The deputy commissioner for Oversight and Planning at the Independent National Commission on Human Rights (INCHR) Wilfred N. Gray-Johnson has called on businesses and government institutions to support human rights activities, to prevent human rights abuses.

Mr. Johnson made the remarks over the weekend at a 2-day high-level forum held in Buchanan, Grand Bassa County, for relevant government institutions, businesses and partners. Commissioner Johnson indicated that some business owners have been involved in human rights abuses, referencing the incident involving an employee and a manager of GN Bank.

Commissioner Johnson said the role of the Ministry of Justice shows some level of commitment from the national government in handling abuses across the country. The conference was sponsored by the Office of the High Commission on Human Rights (OHCHR).

He said there is a need for a nationwide survey, to determine the level of human rights violations in the country, including trans-national corporations, businesses, and other institutions, which will set the baseline for monitoring all human rights violations in Liberia.

“We still have a lot to do as a country. But with the political will, Liberia can achieve more. Liberia is a signatory to both international and regional instruments. The government has domesticated some of international documents, and INCHR will continue to push the government to ensure that human rights are protected,” Commissioner Johnson said.
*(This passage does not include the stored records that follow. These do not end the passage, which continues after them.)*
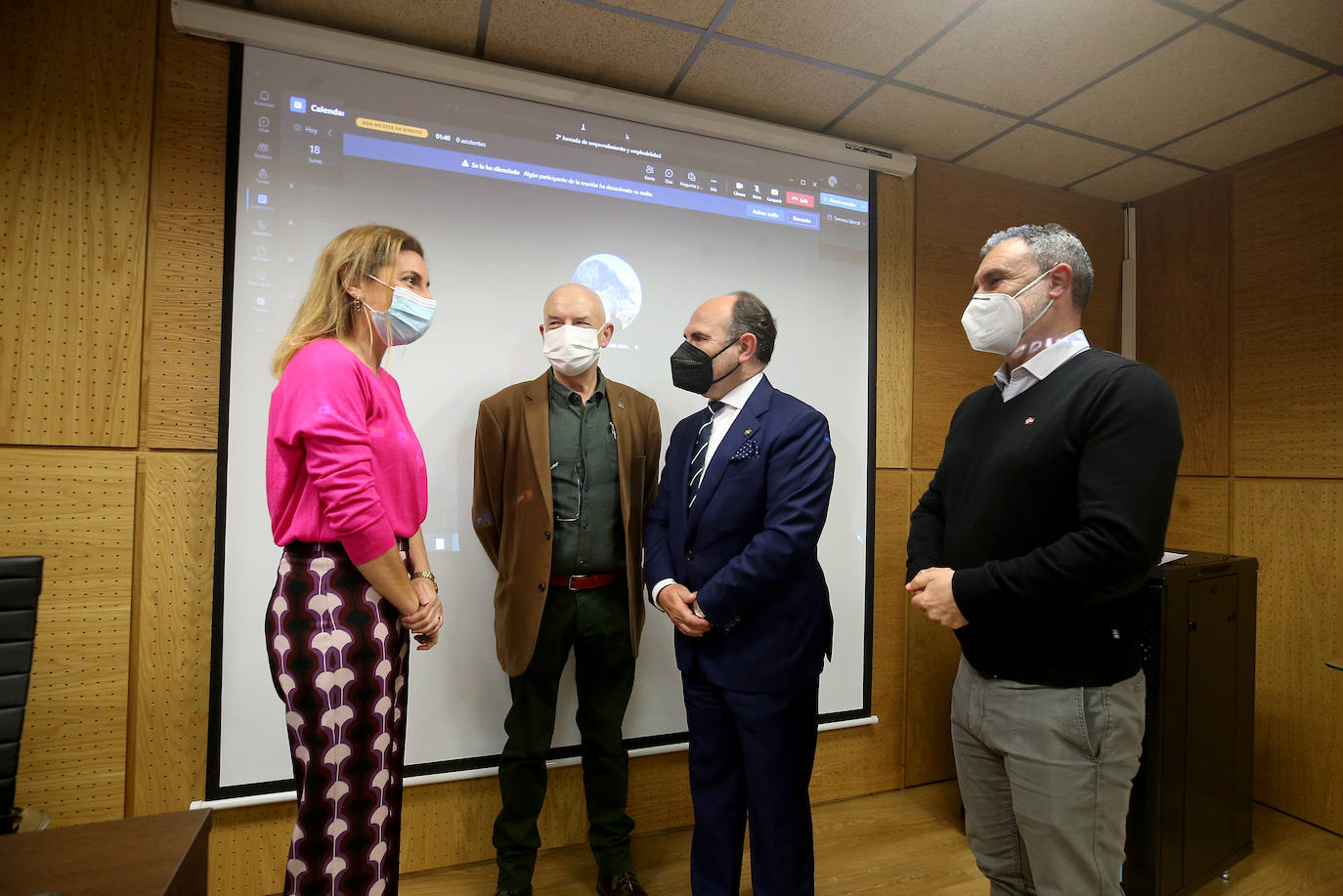 La Facultad de Ciencias celebra las II Jornadas de Emprendimiento y Empleabilidad, donde la palabra «versatilidad» de los estudios se erigió como clave. Expusieron sus experiencias y ofrecieron sus consejos siete profesionales de IKI Media, Accenture, Centro Médico de Asturias, Izertis, Bedrock, Galeo y Metrohm Dropsens.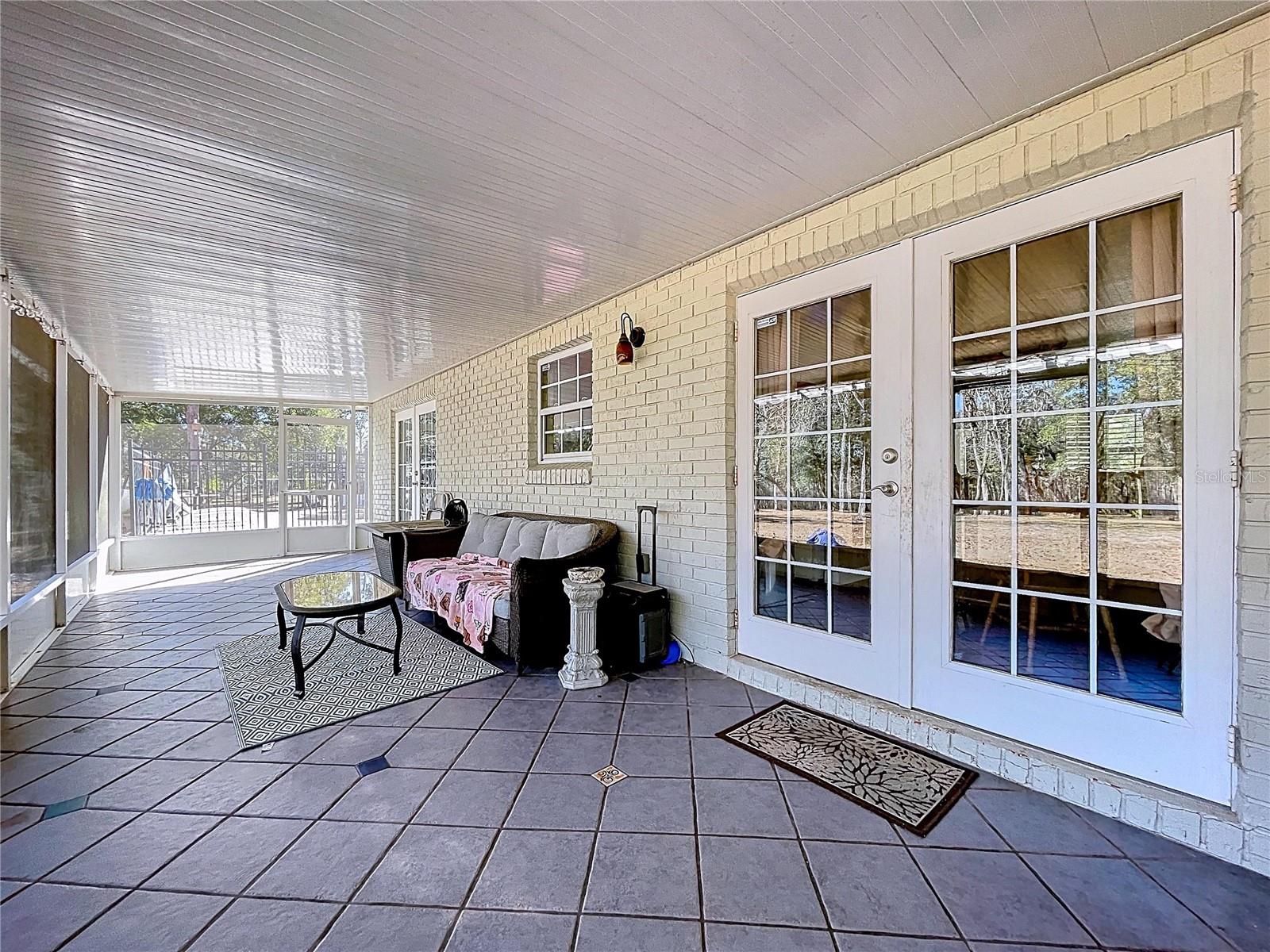 Listing photo id 28 for 37761 Oak Forrest Drive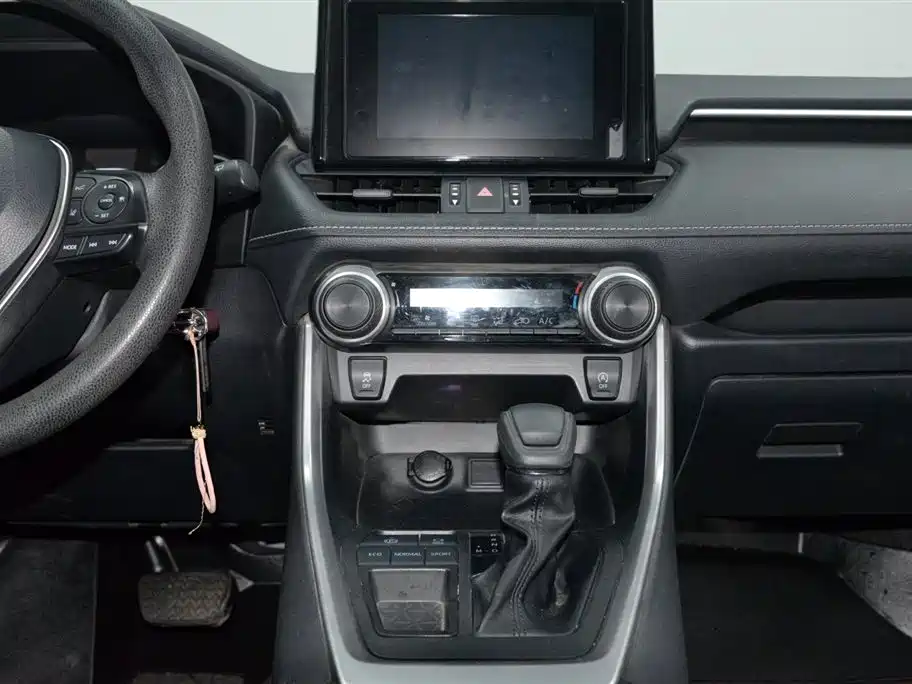 Toyota RAV4 Rongfang 2022 2.0L CVT 2WD Urban Edition фото 12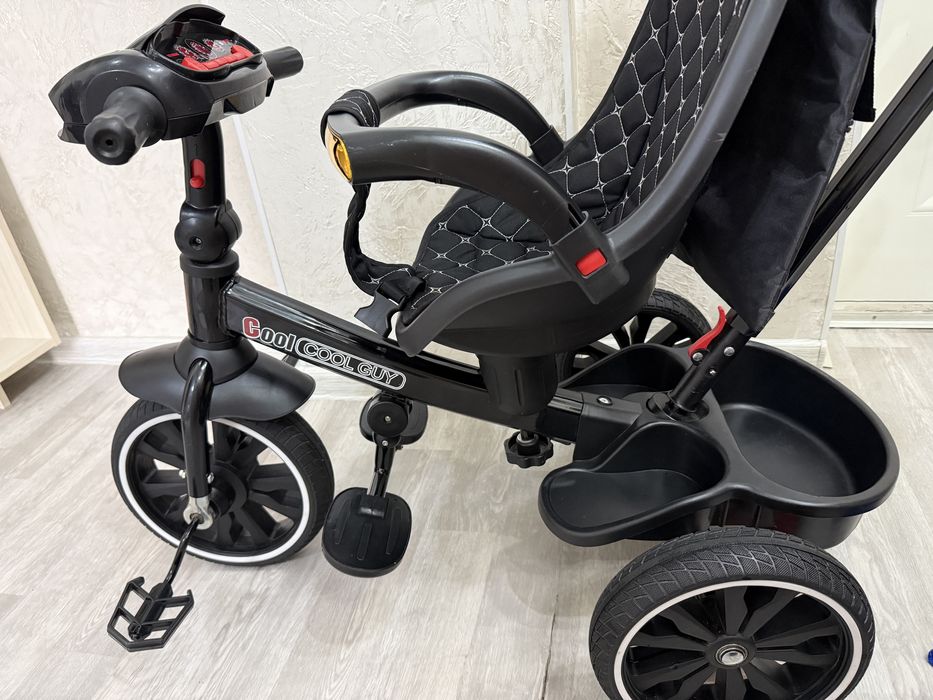 Трехколесный велосипед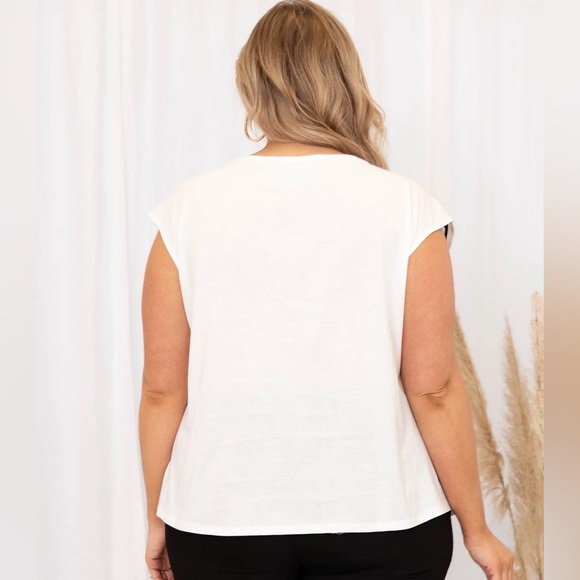 A Bit Confusing Top, Ivory-Black - Picture 3 of 3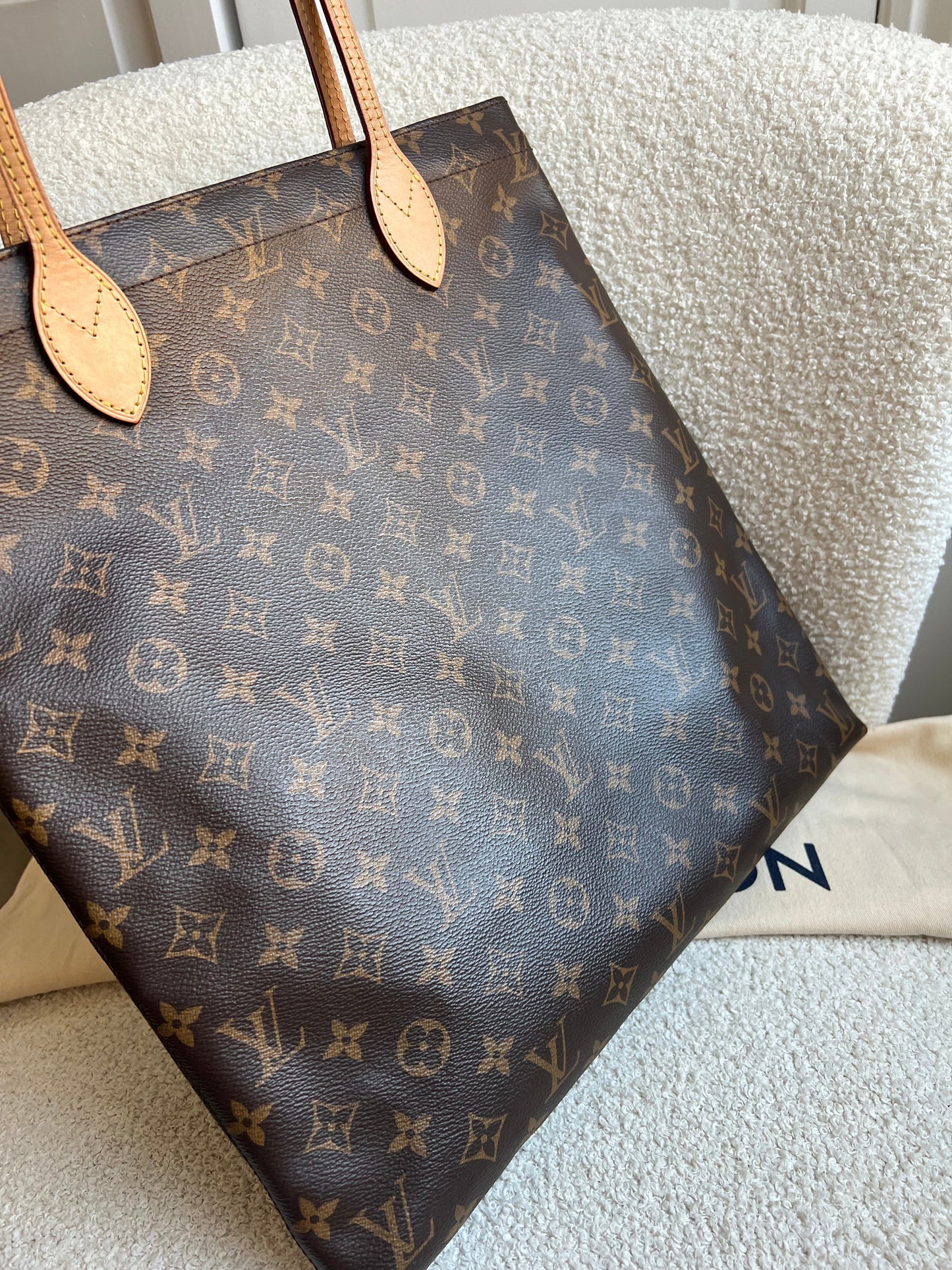 Louis Vuitton Carry It Tote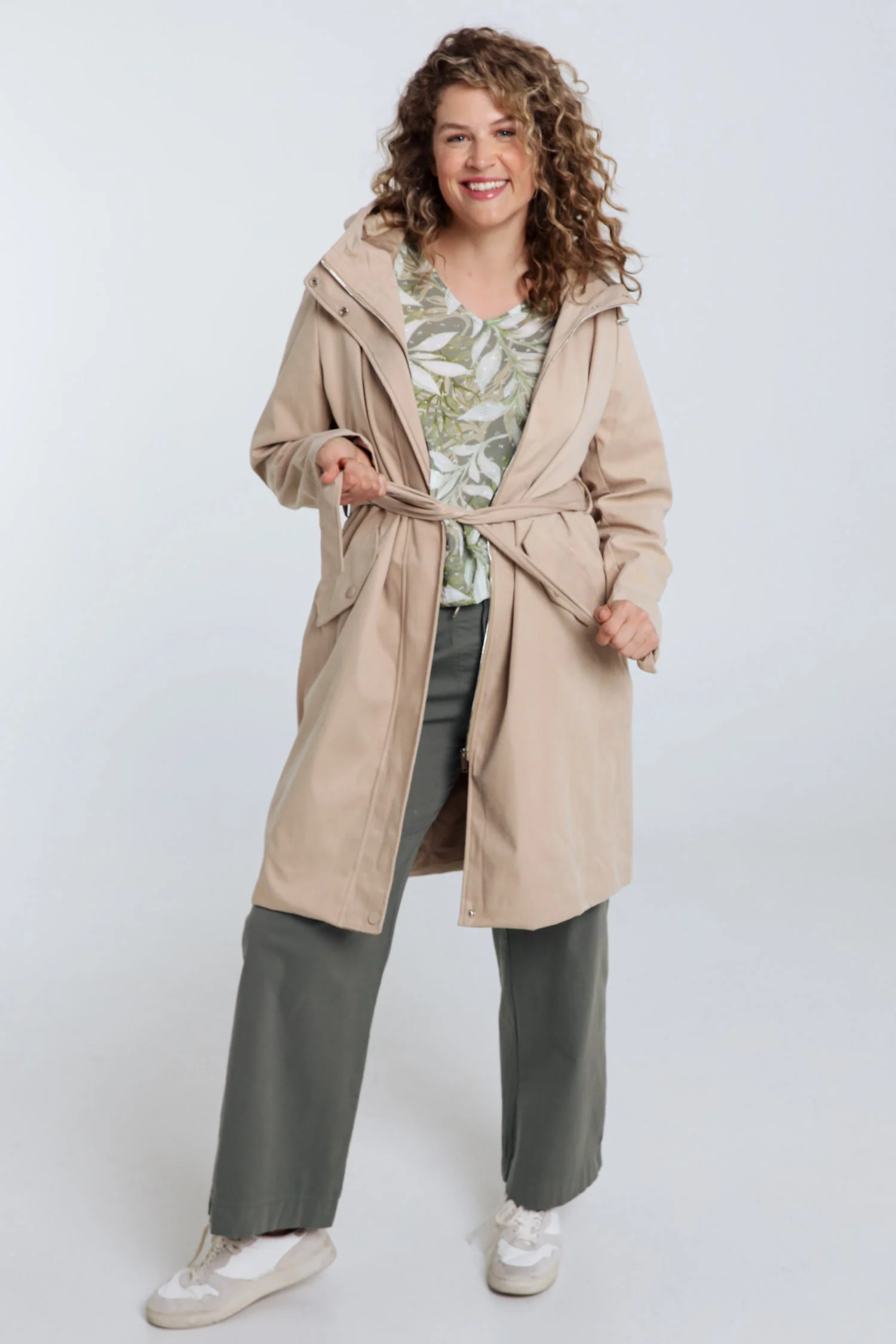 Trench mi-long uni avec capuche - Image 18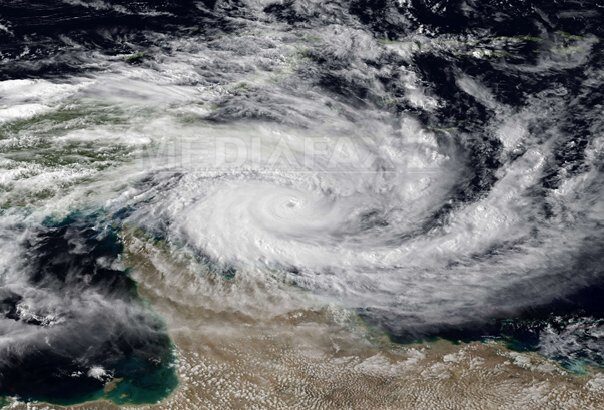 india zecii de mii de persoane au fost evacuate inainte de sosirea ciclonului montha 68ff29761fdb9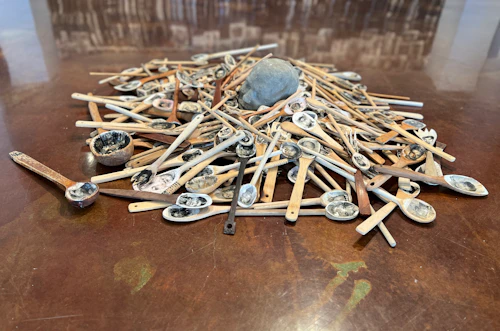 Victor Cartagena, instalación de cucharadas de madera con transferencias fotográficas de rostros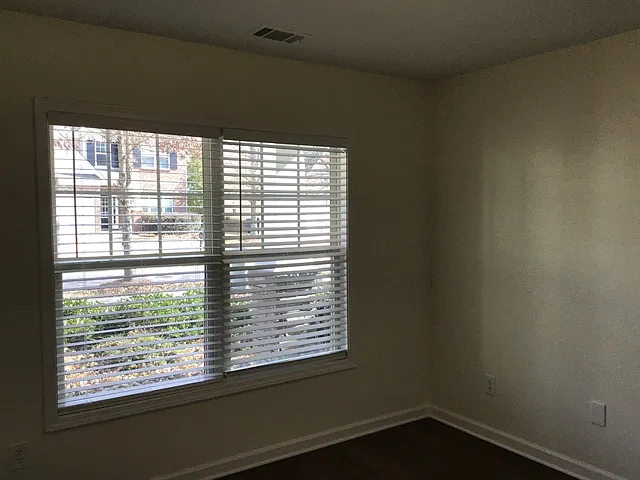 2512 Walnut Tree Ln — Photo 18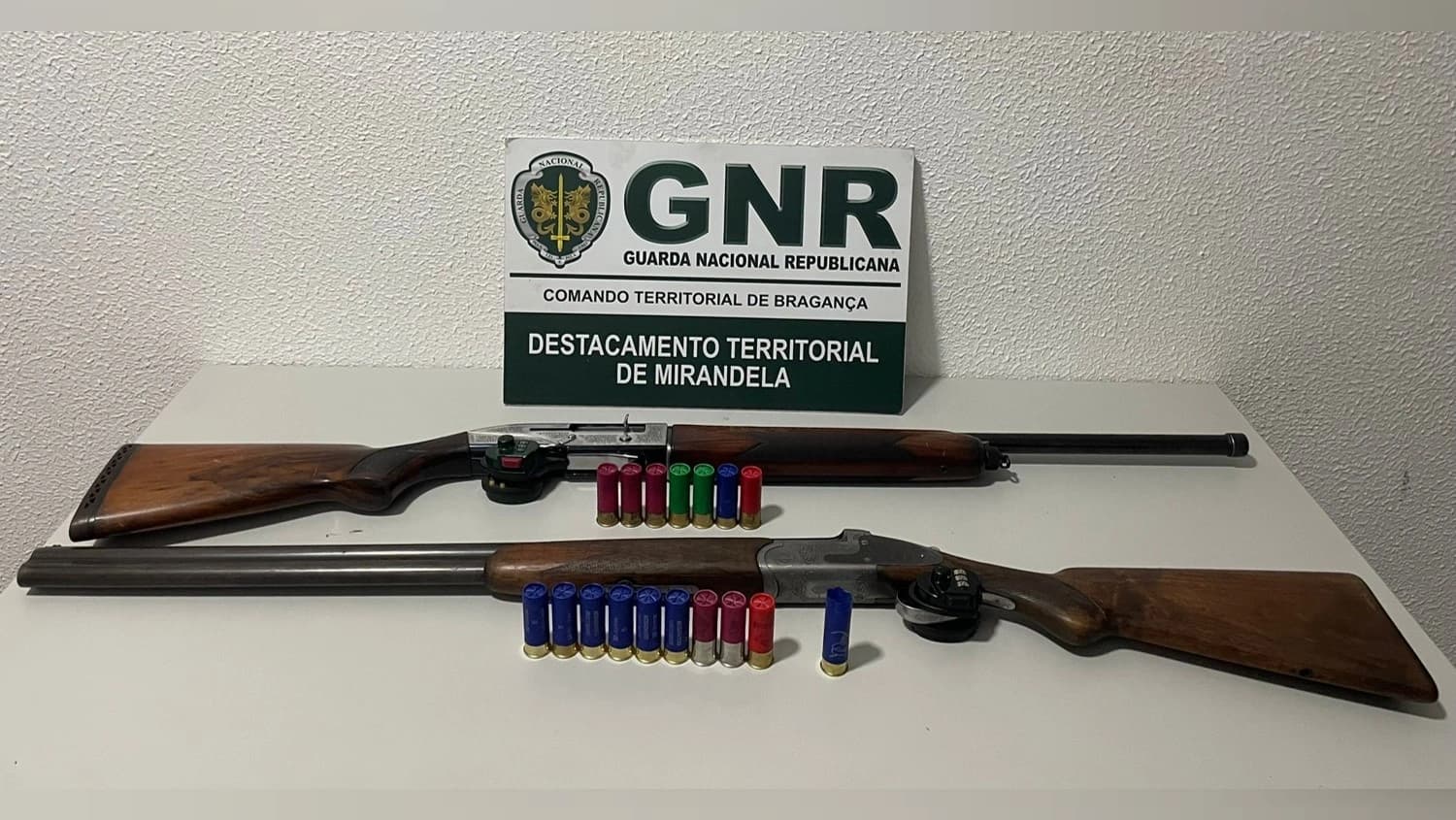 Material apreendido @GNR Bragança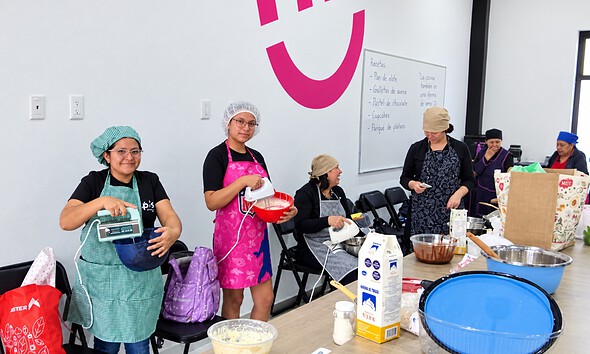 Mujeres aprenden oficios en las Academias Municipales de Zapopan para desarrollar habilidades y generar ingresos.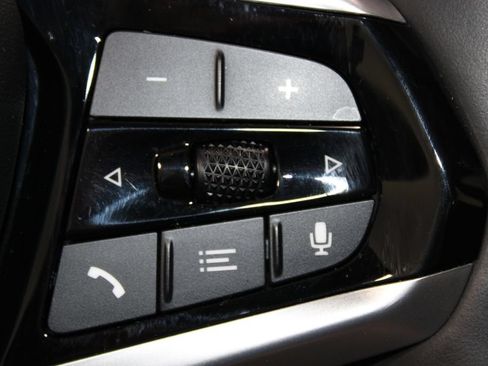 Used 2025 BMW 330i Sedan RWD image 37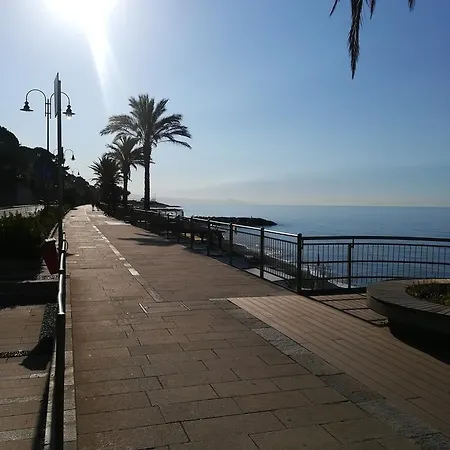 San Lorenzo מלון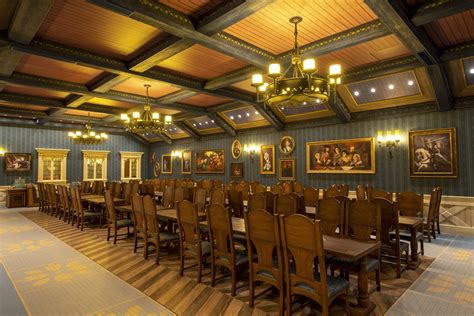 FIRST LOOK INSIDE Disney's NEW Frozen Restaurant: Royal Banquet of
He emphasized the need to eliminate violence against women and children, which remains a priority of the human rights commission in Liberia.

Meo Beyan, Assistant Minister for Economic Affairs at the Ministry of Justice (MOJ), said plans were currently underway for the formation of a steering committee that supersedes and focuses on human rights issues.

“Stakeholders have come to discuss respecting human rights. We want to see the prevention of human rights violations in the business environment. We want businesses to be able to promote human rights. This initiative brings people from the concession areas, business sector, civil society organizations (CSOs), and government institutions,” Mr. Beyan said.

He said there is a growing quest by the government for the protection of human rights in Liberia. This 2-day forum also depicts how the government and its partners are committed to preventing human rights abuses.

“We intend to protect everyone, those in the private and government sectors. We gathered here to see how the citizens of Liberia’s rights can be protected at every level. We want to ensure that while doing business there is total respect for human rights,” he said.

“We are delighted because there are laws that deal with some of the problems, like assault. We are also looking at a better working environment, and there is a law governing that already, including the decent work law,” Beyan said.

According to him, the issue of health and safety at workplaces remains a serious concern of the Ministry of Justice, adding that, “There are missing processes that the MOJ, INCHR, and partners are working to put together.”

“We want to establish a special committee that will deal with business and human rights. We will at the end of this conference organize this committee and ensure that it’s properly working. We will also ensure that they have a term of reference. This committee is cut across CSOs, businesses and human rights institutions,” he said.

Daniel Melvin Nyanway, a representative of the Office of the High Commissioner on Human Rights (OHCHR), lauded the Ministry of Justice for the initiation of the conference to support the prevention of human rights abuses.

“It’s important for the government to take the lead in the prevention of human rights abuses. OHCHR has seen the need to support the government in handling human rights issues in the country, because human rights are very cardinal,” Mr. Nyanway said.

According to him, it is time for Liberia to initiate a proper mechanism to prevent human rights abuses, because delay would put Liberia in a difficult position to address the situation.